* [PROBLEM REQUIREMENTS]:
Starting with the line that holds "Riad Razane Fez Buitenkant foto" and stopping after the line that holds "50 Years Logo", repeat the lines below word for word, without the pictures.
====== DATASET ENTRIES
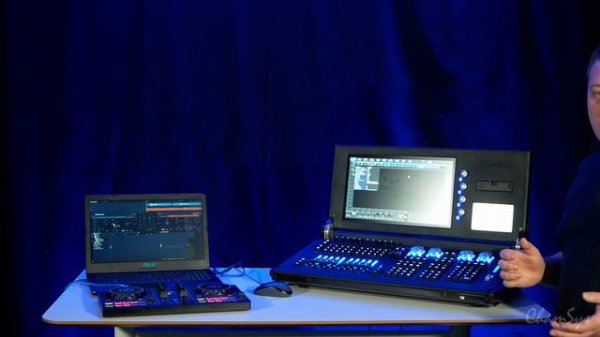 MagicQ Feature Videos: Virtual DJ Integration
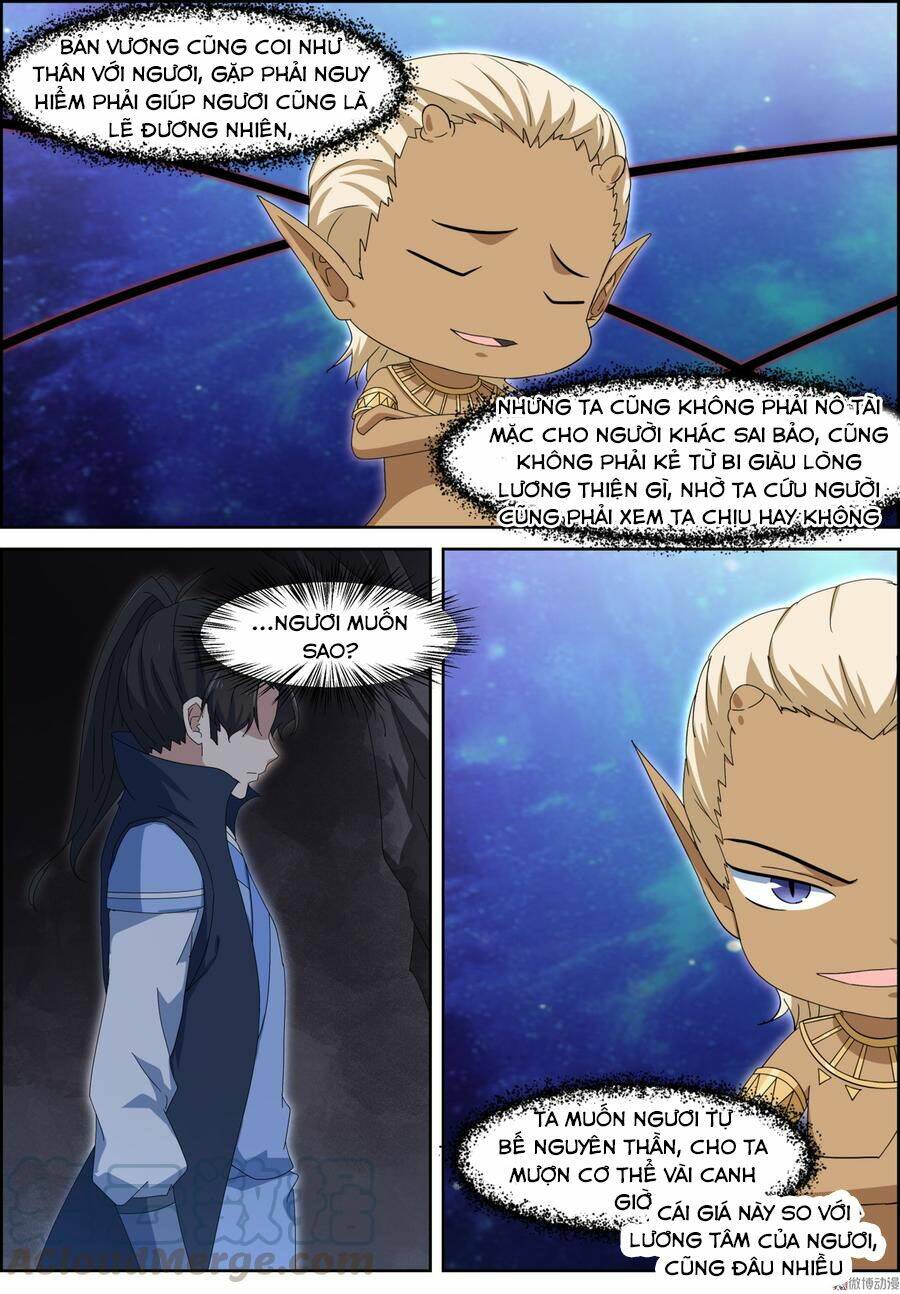 Tiên Trụ: Chapter 132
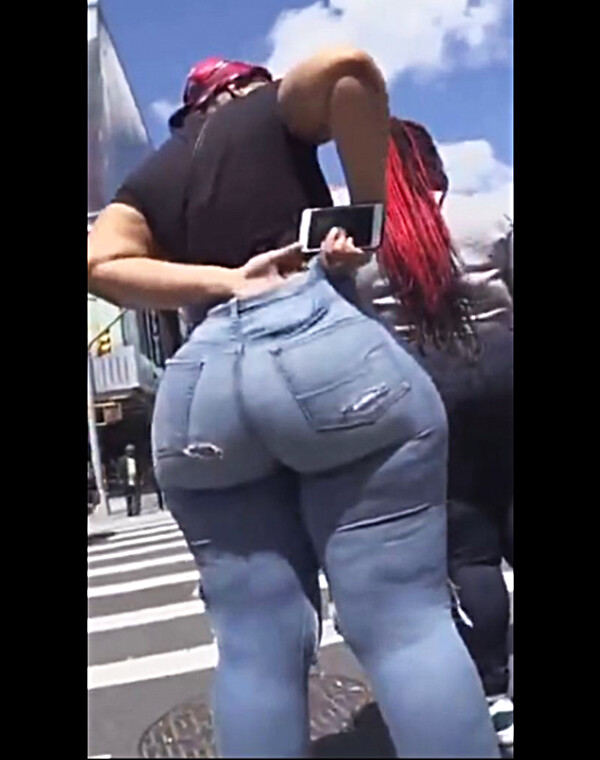 Thumbnail for MyType Voyeur #9 Juicy Booty ThickAF n Public .. We Need I.D !!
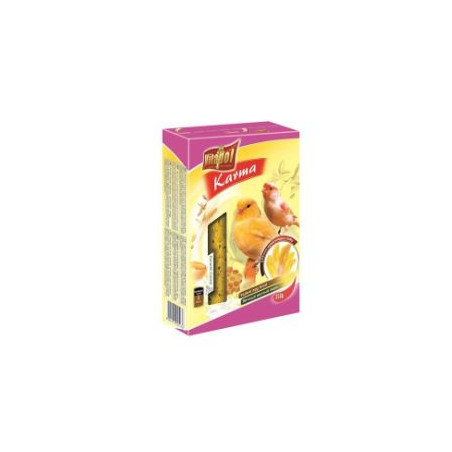 KARMA DLA KANARKA WYBARWIAJĄCA ŻÓŁTA, 350g, ZVP-2503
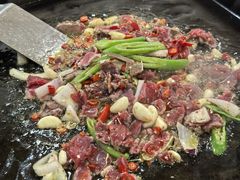 -湖南大姐特色铁板烧(城店路店)
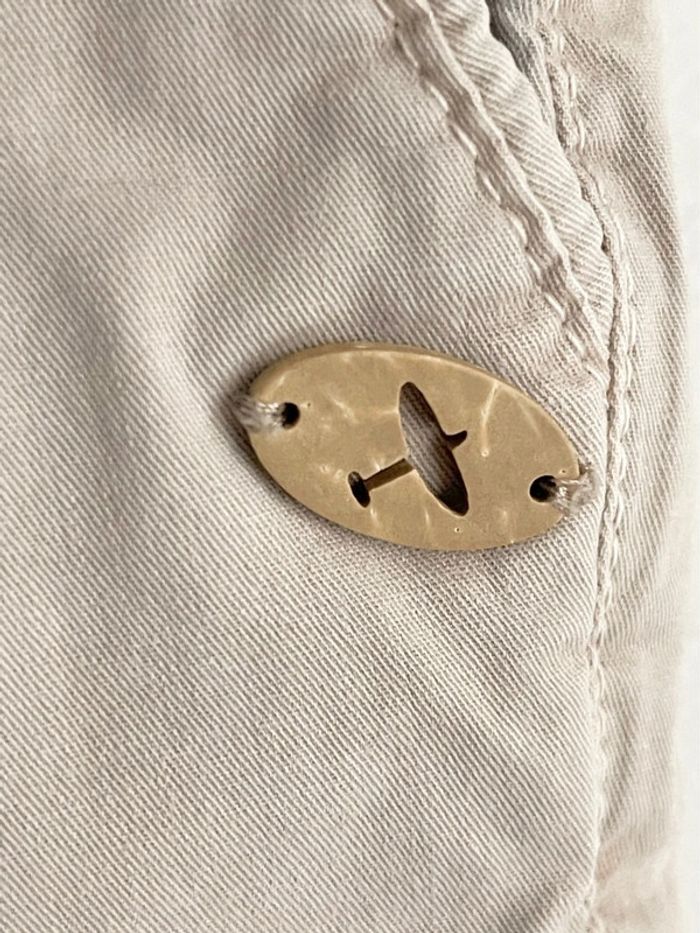 Pantalon chino beige SP1 top qualité bon état - photo numéro 8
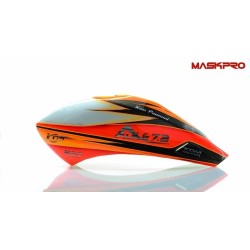 Custom  MaskPro Signature Airbrush Fiberglass Canopy KDS Agile 5.5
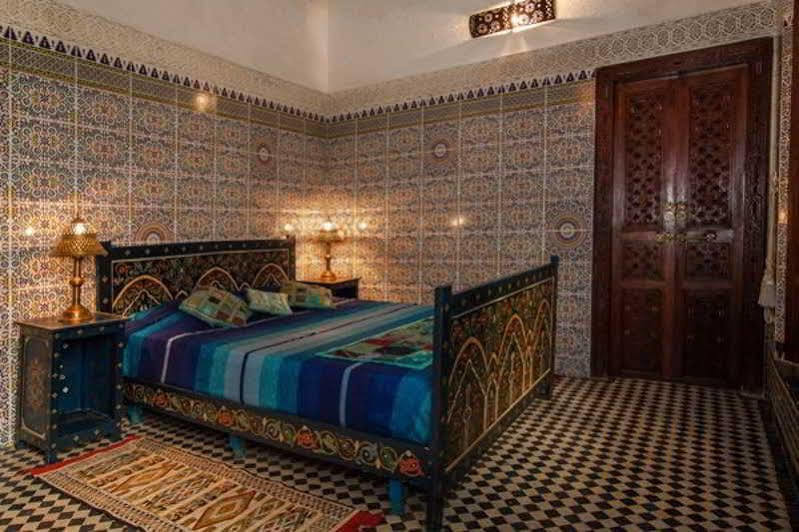 Riad Razane Fez Buitenkant foto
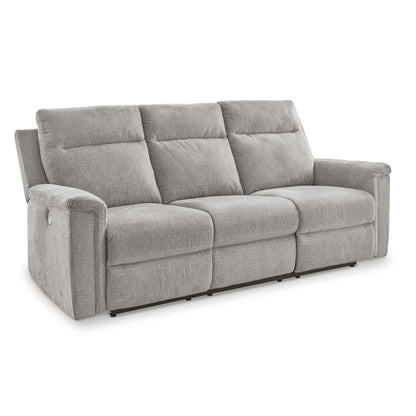 Signature Design by Ashley Barnsana 33201U2 3 pc Power Reclining Living Room Set - American Furniture of Slidell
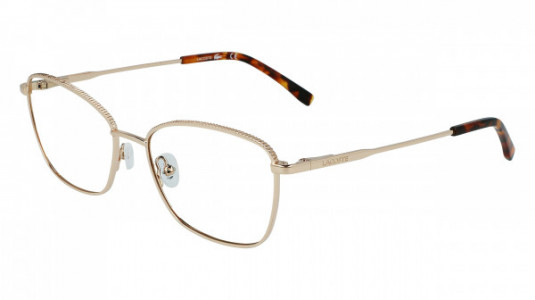 Lacoste L2281 Eyeglasses, (710) GOLD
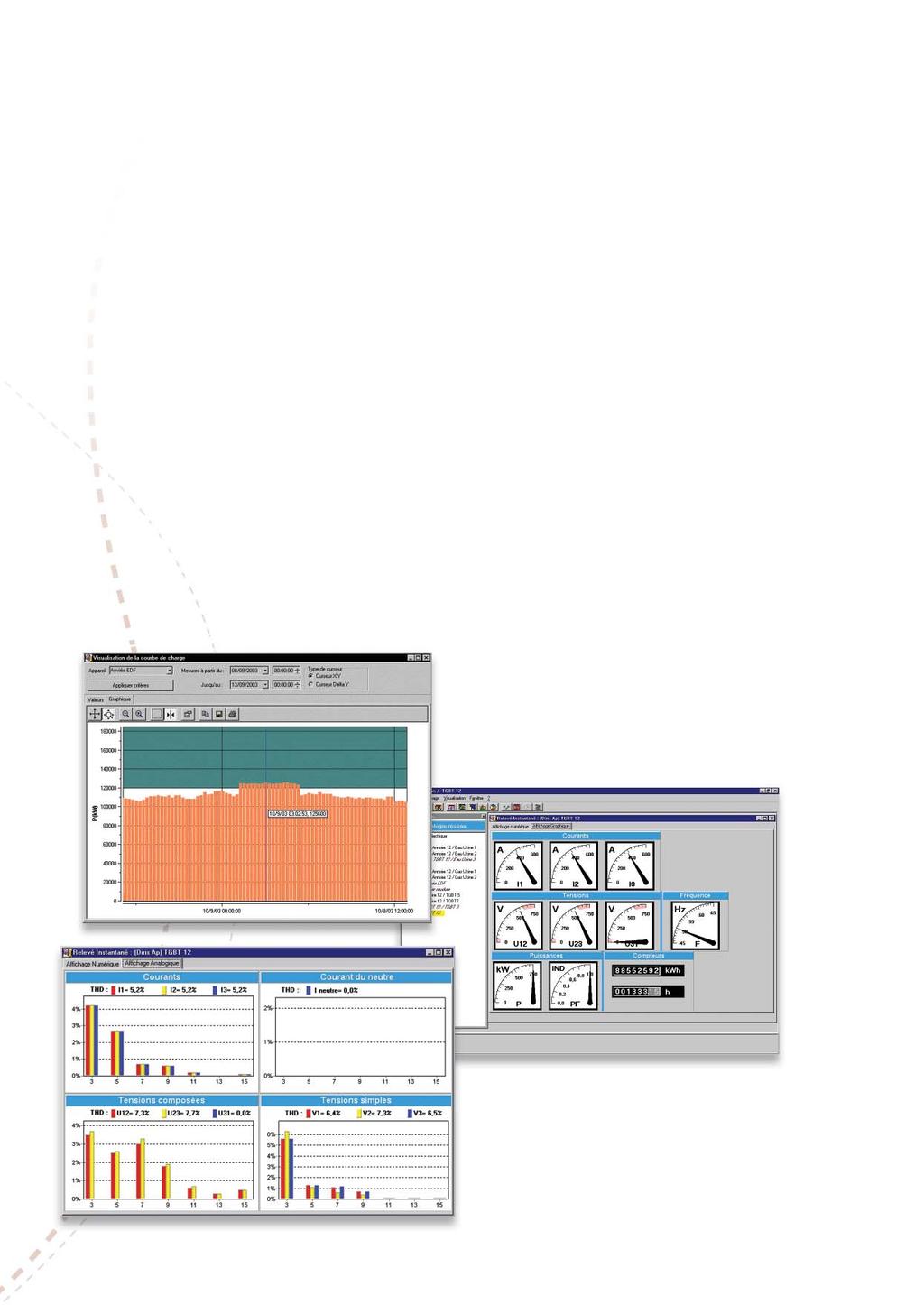Software Control Vision metering and monitoring software for Socomec energy meters.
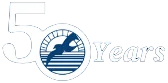 50 Years Logo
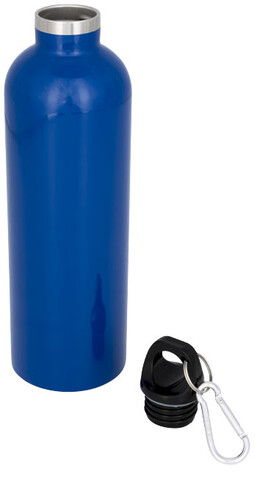 Atlantic 530 ml Vakuum Isolierflasche, blau bedrucken, Art.-Nr. 10052803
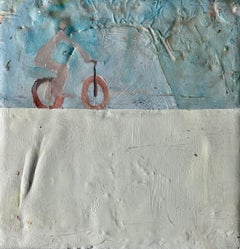 Nude on Bicycle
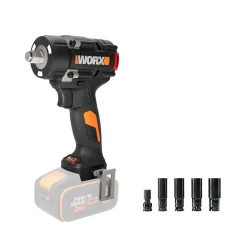 Avvitatore ad impulsi Brushless Worx WX273.9 20V 600Nm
============
* [TASK RESULT]:
 Riad Razane Fez Buitenkant foto
 Signature Design by Ashley Barnsana 33201U2 3 pc Power Reclining Living Room Set - American Furniture of Slidell
 Lacoste L2281 Eyeglasses, (710) GOLD
Software Control Vision metering and monitoring software for Socomec energy meters.
 50 Years Logo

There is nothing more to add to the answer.